1 Corinthians 1:10 (NIV)
It is natural for us as we read through 1 Corinthians to become myopic about certain passages like 1 Corinthians 11:2-26. We gaze at it, analyze it and fixate on specific words and arguments and lose sight of the big picture, or the big argument of 1 Corinthians. It is a necessary discipline for our Christian health to pull back from Paul’s teaching on gender differences in the leading of public worship in churches and cast our minds unto what Paul himself has said was the purpose of this letter to the Corinthians. In actual fact accepting that this purpose statement in 1:10 applies to the teaching of 1 Corinthians 11:2-16 should bring some clarity to a historically muddy passage. However you understand Paul’s argument, whether you use it to argue on one side or the other, to miss that Paul’s argument in chapter 11 is there to help a local church be perfectly united in mind and thought is to completely miss the mark of understanding the passage and therefore to miss out on the life giving message of the text. The great Baptist preacher of the 1800s Charles Spurgeon, once said that “The Gospel is like a caged lion.

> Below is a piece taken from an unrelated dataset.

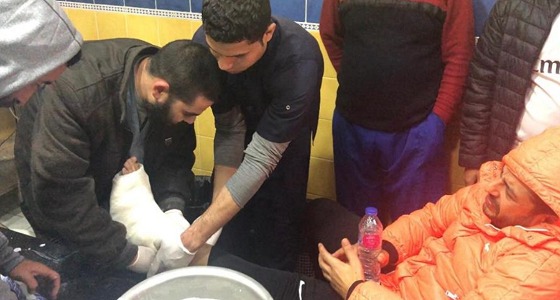 بالصور.. محمد حماقي يتعرض لإصابة بالغة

It does not need to be defended, it just needs to be let out of its cage.” In the Gospel and only in the Gospel are men and women declared equal - no other holy book contains this teaching. In the Gospel and only in the Gospel is the reversing of the curse of the garden and its effects on the two genders. In the Gospel and only in the Gospel can there ever be true unity between the genders, the type of unity the Paul describes in chapter 1 as being perfectly united in mind and thought. This is the goal of the teaching of chapter 11, and therefore this should be the result of us understanding the meaning of chapter 11. May God grant us the grace to get the door to the cage open tomorrow in our Father’s Day services at Parkdale.